A volte occorre un po’ di silenzio, dice Joaquin Phoenix, a ragione. Eppure il film di Mike Mills non tace mai, il suo giovanissimo protagonista è petulante, eppure nessuno lo zittisce.
Lo si invita invece senza sosta a parlare di sé, a esternare le proprie emozioni, a dirsi offeso, umiliato, triste, arrabbiato, per la più piccola incomprensione, il minimo incidente relazionale. E intanto l’adulto si tormenta, perché ha alzato la voce, perché non ha avuto pazienza, perché è stato indelicato.
Hmm. Mentre Mills s’inabissa nella scoperta (un po’ tardiva) che i bambini sono persone, e mentre Joaquin Phoenix tiene magicamente il film a galla e a tratti anche molto al di sopra, spargendo autenticità sull’artificio e sensibilità su un terreno troppo cerebrale, allo spettatore viene però da domandarsi se troppo zelo e pochi freni non siano una strategia più diseducativa che altro, benché sicuramente al passo coi tempi.

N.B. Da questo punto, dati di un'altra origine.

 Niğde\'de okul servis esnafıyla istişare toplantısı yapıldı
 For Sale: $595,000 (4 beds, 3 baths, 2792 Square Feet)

Anziché scongiurare il ripetersi in Jesse di una sofferenza psichica ereditaria, questa stimolazione del sé sembra insomma guidarlo sulla rotta della nevrosi precoce, e noi con lui, come topolini al seguito del pifferaio magico. Per fortuna che ci sono le interviste (reali) agli adolescenti, che ci raccontano un mondo non molto più felice ma almeno più vario e diversificato.